Terkesan kental bahwa anggota DPR tidak peka akan rasa keadilan rakyat atas harga BBM yang dijual Pertamina di SPBU yang mana harga nya sangat mahal disaat harga minyak dunia sdh terjun bebas.
Apa DPR tidak tau atau pura pura tidak tau bahwa begitu kecewanya respon konsumen BBM membuat tagar #TaikluPertamina pada hari minggu sempat trending topic akibat janji Dirut Pertamina memberikan diskon 30% dari produk Pertamax series dan Dex series tidak sesuai kenyataannya dengan apa yg terjadi di SPBU, bahkan dalam rekaman videonya Dirut Pertamina sambil tertawa menghimbau rakyat memborong BBM dan menimbunnya.
Padahal kalau mau jujur, berbasiskan data yang disajikan KESDM itu, maka terhitung 1 Mei 2020 harga Gasoline Ron 92 atau setara Pertamax bisa dijual dengan harga Rp 4.500 perliter di SPBU Pertamina, hitungan itu berdasarkan rata rata MOPS USD 22, 33/bbls dan nilai tukar Rp 15.157/USD periode 25 Maret hingga 24 April 2020.
Apakah DPR tidak bisa melihat adanya anomali harga yang ditetapkan Pertamina sejak awal Febuari 2020 hingga saat sekarang, berdasarkan tren grafik perbandingan harga Solar dan BBM negara Asean yang disajikan dalam dokumen KESDM, semuanya pada 3 Feb 2020 sudah memperlihat trend menurun, kecuali Indonesia tetap datar sampai hari ini, itu semua tampak dari garis merah dalam grafik itu.
Oleh karena itu, akan menjadi lucu dan aneh ketika yang muncul malah rekomendasi dari DPR kepada KESDM untuk merevisi Kepmen ESDM nmr 62 tahun 2020 tersebut, itu ibarat muka buruk cermin dibelah.
Seharusnya DPR Komisi VII sebagai wakil rakyat memberikan alasan kuat mengapa Kepmen ESDM itu harus direvisi, apakah setelah direvisi akan lebih menguntungkan bagi rakyat atau bagi badan usaha ?
Selain itu harus dijelaskan masalahnya dimana, kalau memang Kepmen ESDM telah salah dibuat oleh Kementerian ESDM dan telah merugikan rakyat, atau Pemerintah dan Badan Usaha, ya konsewensinya Presiden harus mencopot Menterinya, karena telah salah membuat aturan soal formula harga BBM yang menyangkut hajat hidup orang banyak dan berimplikasi luas dalam perekonomian nasional serta berdampak luas pada kehidupan rakyat yang sudah mengalami kesulitan ekonomi diterpa wabah covid 19 yang tidak diketahui kapan pastinya akan berakhir.
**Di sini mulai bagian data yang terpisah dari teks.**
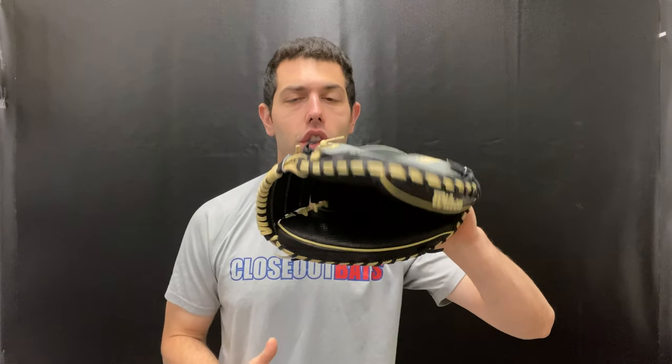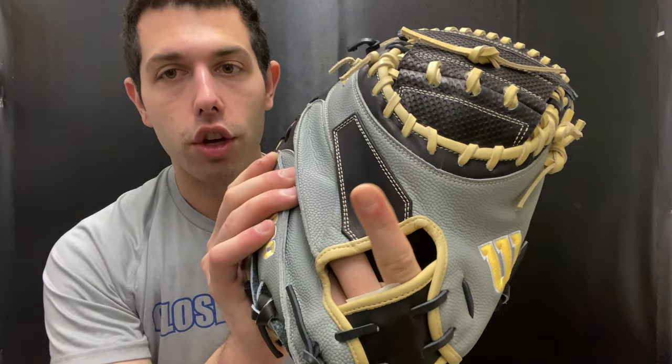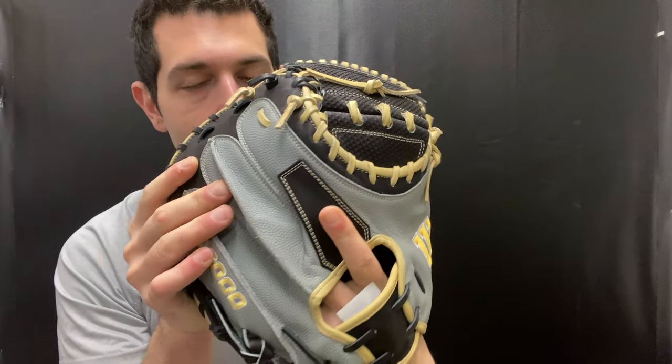The M1D has been really popular. Wilson has it in the A2K — they have one A2K catcher's mitt — and a bunch of A2000 catcher's mitts. The 33 and a half is my personal favorite, though some people prefer different sizes. The super skin material again makes it super light and breaks in a little bit easier. We also have the pro stock leather and the flat binding material right here, which feels very natural.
Sudah jutaan rakyat yang kehilangan pekerjaan dan dirumahkan akibat PHK dampak covid 19, bahkan sampai sampai ada yang bunuh diri karena tidak sanggup lagi menjalani kehidupan yang dirasa sangat berat ini.
Semestinya KESDM dan Pertamina belajar atau melakukan studi banding kepada Pemerintah negara tetangga seperti Malaysia, yaitu belajar bagaimana mereka bisa merumuskan kebijakan harga BBM dinegerinya standar Euro5 bisa sedemikian murahnya dibanding dinegara kita. Ambil contoh untuk produk BBM sejenis Pertamax Turbo disini dijual Rp 9.850/liter, di Malaysia harganya Rp. 5.300 /ltr, lebih murah dari harga Premium di SPBU Pertamina dijual Rp 6.450/liter.